■ **WORK REQUEST**
Repeat all the records, precisely as given.

___ ENTRIES SHOWN

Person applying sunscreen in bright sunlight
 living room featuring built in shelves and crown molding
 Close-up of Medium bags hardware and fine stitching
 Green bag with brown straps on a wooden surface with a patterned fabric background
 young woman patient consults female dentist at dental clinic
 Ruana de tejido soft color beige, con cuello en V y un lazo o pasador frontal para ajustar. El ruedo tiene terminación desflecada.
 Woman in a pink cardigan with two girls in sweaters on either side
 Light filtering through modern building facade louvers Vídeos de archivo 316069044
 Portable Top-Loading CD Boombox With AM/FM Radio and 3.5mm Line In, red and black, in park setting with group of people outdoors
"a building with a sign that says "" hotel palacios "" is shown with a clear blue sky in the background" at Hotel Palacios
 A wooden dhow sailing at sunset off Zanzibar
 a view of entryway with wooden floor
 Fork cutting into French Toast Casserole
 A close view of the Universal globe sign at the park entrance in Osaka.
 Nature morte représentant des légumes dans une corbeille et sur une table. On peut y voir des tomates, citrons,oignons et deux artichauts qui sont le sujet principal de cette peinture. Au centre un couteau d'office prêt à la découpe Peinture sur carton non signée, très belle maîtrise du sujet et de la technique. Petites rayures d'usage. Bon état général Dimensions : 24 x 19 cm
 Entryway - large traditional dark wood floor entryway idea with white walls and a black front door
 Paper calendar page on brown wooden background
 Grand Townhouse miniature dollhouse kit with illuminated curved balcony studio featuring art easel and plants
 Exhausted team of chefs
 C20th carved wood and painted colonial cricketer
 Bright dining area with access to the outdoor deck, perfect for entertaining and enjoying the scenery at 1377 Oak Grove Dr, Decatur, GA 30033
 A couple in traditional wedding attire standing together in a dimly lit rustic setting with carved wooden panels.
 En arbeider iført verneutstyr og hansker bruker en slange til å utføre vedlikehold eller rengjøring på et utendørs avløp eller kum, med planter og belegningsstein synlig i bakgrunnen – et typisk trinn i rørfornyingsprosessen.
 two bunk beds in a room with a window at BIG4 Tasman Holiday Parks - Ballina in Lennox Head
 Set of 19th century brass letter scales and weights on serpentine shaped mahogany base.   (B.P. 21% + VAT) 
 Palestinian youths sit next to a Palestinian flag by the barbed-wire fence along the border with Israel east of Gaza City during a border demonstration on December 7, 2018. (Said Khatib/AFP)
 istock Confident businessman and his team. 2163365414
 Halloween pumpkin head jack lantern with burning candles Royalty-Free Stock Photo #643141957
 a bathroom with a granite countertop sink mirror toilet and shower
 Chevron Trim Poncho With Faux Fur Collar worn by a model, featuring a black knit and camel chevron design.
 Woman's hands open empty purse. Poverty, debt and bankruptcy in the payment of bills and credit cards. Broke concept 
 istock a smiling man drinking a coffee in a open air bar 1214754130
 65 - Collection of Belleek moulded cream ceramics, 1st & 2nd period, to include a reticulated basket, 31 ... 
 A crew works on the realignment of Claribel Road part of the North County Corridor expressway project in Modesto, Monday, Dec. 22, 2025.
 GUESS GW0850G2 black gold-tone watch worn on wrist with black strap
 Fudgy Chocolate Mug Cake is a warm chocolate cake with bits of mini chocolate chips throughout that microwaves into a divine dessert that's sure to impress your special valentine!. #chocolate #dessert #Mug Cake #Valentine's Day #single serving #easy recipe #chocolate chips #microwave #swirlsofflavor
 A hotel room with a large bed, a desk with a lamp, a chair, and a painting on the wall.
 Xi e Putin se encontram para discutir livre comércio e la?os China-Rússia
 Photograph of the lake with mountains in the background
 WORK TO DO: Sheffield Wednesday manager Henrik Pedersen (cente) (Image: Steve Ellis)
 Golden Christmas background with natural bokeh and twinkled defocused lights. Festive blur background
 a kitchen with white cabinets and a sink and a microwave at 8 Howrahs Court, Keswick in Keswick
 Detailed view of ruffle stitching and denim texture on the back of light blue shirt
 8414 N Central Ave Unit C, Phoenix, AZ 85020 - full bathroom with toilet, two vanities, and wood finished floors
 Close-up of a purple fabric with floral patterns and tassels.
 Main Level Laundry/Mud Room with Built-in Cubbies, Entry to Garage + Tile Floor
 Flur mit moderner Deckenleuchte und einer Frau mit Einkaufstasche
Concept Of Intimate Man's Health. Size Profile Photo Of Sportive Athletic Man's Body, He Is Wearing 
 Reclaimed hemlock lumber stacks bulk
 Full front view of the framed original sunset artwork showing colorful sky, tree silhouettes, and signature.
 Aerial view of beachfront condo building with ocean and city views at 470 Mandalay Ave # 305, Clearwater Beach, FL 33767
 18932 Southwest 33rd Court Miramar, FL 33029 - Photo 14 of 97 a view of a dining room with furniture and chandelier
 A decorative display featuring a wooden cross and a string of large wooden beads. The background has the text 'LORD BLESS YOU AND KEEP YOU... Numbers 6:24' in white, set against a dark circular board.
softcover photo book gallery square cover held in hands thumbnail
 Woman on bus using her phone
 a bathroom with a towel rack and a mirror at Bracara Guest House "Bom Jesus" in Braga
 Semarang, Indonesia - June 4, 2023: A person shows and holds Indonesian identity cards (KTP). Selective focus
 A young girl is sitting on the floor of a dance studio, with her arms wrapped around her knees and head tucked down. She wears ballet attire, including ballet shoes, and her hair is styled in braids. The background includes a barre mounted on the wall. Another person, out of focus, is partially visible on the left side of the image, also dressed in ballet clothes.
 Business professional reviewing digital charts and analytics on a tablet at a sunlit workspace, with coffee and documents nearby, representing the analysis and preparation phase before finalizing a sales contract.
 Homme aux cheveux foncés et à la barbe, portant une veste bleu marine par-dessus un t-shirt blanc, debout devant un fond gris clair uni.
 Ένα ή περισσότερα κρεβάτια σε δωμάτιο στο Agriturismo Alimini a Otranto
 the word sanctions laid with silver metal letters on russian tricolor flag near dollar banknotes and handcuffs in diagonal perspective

______

■ **ANSWER SPACE**
Person applying sunscreen in bright sunlight
 living room featuring built in shelves and crown molding
 Close-up of Medium bags hardware and fine stitching
 Green bag with brown straps on a wooden surface with a patterned fabric background
 young woman patient consults female dentist at dental clinic
 Ruana de tejido soft color beige, con cuello en V y un lazo o pasador frontal para ajustar. El ruedo tiene terminación desflecada.
 Woman in a pink cardigan with two girls in sweaters on either side
 Light filtering through modern building facade louvers Vídeos de archivo 316069044
 Portable Top-Loading CD Boombox With AM/FM Radio and 3.5mm Line In, red and black, in park setting with group of people outdoors
"a building with a sign that says "" hotel palacios "" is shown with a clear blue sky in the background" at Hotel Palacios
 A wooden dhow sailing at sunset off Zanzibar
 a view of entryway with wooden floor
 Fork cutting into French Toast Casserole
 A close view of the Universal globe sign at the park entrance in Osaka.
 Nature morte représentant des légumes dans une corbeille et sur une table. On peut y voir des tomates, citrons,oignons et deux artichauts qui sont le sujet principal de cette peinture. Au centre un couteau d'office prêt à la découpe Peinture sur carton non signée, très belle maîtrise du sujet et de la technique. Petites rayures d'usage. Bon état général Dimensions : 24 x 19 cm
 Entryway - large traditional dark wood floor entryway idea with white walls and a black front door
 Paper calendar page on brown wooden background
 Grand Townhouse miniature dollhouse kit with illuminated curved balcony studio featuring art easel and plants
 Exhausted team of chefs
 C20th carved wood and painted colonial cricketer
 Bright dining area with access to the outdoor deck, perfect for entertaining and enjoying the scenery at 1377 Oak Grove Dr, Decatur, GA 30033
 A couple in traditional wedding attire standing together in a dimly lit rustic setting with carved wooden panels.
 En arbeider iført verneutstyr og hansker bruker en slange til å utføre vedlikehold eller rengjøring på et utendørs avløp eller kum, med planter og belegningsstein synlig i bakgrunnen – et typisk trinn i rørfornyingsprosessen.
 two bunk beds in a room with a window at BIG4 Tasman Holiday Parks - Ballina in Lennox Head
 Set of 19th century brass letter scales and weights on serpentine shaped mahogany base.   (B.P. 21% + VAT) 
 Palestinian youths sit next to a Palestinian flag by the barbed-wire fence along the border with Israel east of Gaza City during a border demonstration on December 7, 2018. (Said Khatib/AFP)
 istock Confident businessman and his team. 2163365414
 Halloween pumpkin head jack lantern with burning candles Royalty-Free Stock Photo #643141957
 a bathroom with a granite countertop sink mirror toilet and shower
 Chevron Trim Poncho With Faux Fur Collar worn by a model, featuring a black knit and camel chevron design.
 Woman's hands open empty purse. Poverty, debt and bankruptcy in the payment of bills and credit cards. Broke concept 
 istock a smiling man drinking a coffee in a open air bar 1214754130
 65 - Collection of Belleek moulded cream ceramics, 1st & 2nd period, to include a reticulated basket, 31 ... 
 A crew works on the realignment of Claribel Road part of the North County Corridor expressway project in Modesto, Monday, Dec. 22, 2025.
 GUESS GW0850G2 black gold-tone watch worn on wrist with black strap
 Fudgy Chocolate Mug Cake is a warm chocolate cake with bits of mini chocolate chips throughout that microwaves into a divine dessert that's sure to impress your special valentine!. #chocolate #dessert #Mug Cake #Valentine's Day #single serving #easy recipe #chocolate chips #microwave #swirlsofflavor
 A hotel room with a large bed, a desk with a lamp, a chair, and a painting on the wall.
 Xi e Putin se encontram para discutir livre comércio e la?os China-Rússia
 Photograph of the lake with mountains in the background
 WORK TO DO: Sheffield Wednesday manager Henrik Pedersen (cente) (Image: Steve Ellis)
 Golden Christmas background with natural bokeh and twinkled defocused lights. Festive blur background
 a kitchen with white cabinets and a sink and a microwave at 8 Howrahs Court, Keswick in Keswick
 Detailed view of ruffle stitching and denim texture on the back of light blue shirt
 8414 N Central Ave Unit C, Phoenix, AZ 85020 - full bathroom with toilet, two vanities, and wood finished floors
 Close-up of a purple fabric with floral patterns and tassels.
 Main Level Laundry/Mud Room with Built-in Cubbies, Entry to Garage + Tile Floor
 Flur mit moderner Deckenleuchte und einer Frau mit Einkaufstasche
Concept Of Intimate Man's Health. Size Profile Photo Of Sportive Athletic Man's Body, He Is Wearing 
 Reclaimed hemlock lumber stacks bulk
 Full front view of the framed original sunset artwork showing colorful sky, tree silhouettes, and signature.
 Aerial view of beachfront condo building with ocean and city views at 470 Mandalay Ave # 305, Clearwater Beach, FL 33767
 18932 Southwest 33rd Court Miramar, FL 33029 - Photo 14 of 97 a view of a dining room with furniture and chandelier
 A decorative display featuring a wooden cross and a string of large wooden beads. The background has the text 'LORD BLESS YOU AND KEEP YOU... Numbers 6:24' in white, set against a dark circular board.
softcover photo book gallery square cover held in hands thumbnail
 Woman on bus using her phone
 a bathroom with a towel rack and a mirror at Bracara Guest House "Bom Jesus" in Braga
 Semarang, Indonesia - June 4, 2023: A person shows and holds Indonesian identity cards (KTP). Selective focus
 A young girl is sitting on the floor of a dance studio, with her arms wrapped around her knees and head tucked down. She wears ballet attire, including ballet shoes, and her hair is styled in braids. The background includes a barre mounted on the wall. Another person, out of focus, is partially visible on the left side of the image, also dressed in ballet clothes.
 Business professional reviewing digital charts and analytics on a tablet at a sunlit workspace, with coffee and documents nearby, representing the analysis and preparation phase before finalizing a sales contract.
 Homme aux cheveux foncés et à la barbe, portant une veste bleu marine par-dessus un t-shirt blanc, debout devant un fond gris clair uni.
 Ένα ή περισσότερα κρεβάτια σε δωμάτιο στο Agriturismo Alimini a Otranto
 the word sanctions laid with silver metal letters on russian tricolor flag near dollar banknotes and handcuffs in diagonal perspective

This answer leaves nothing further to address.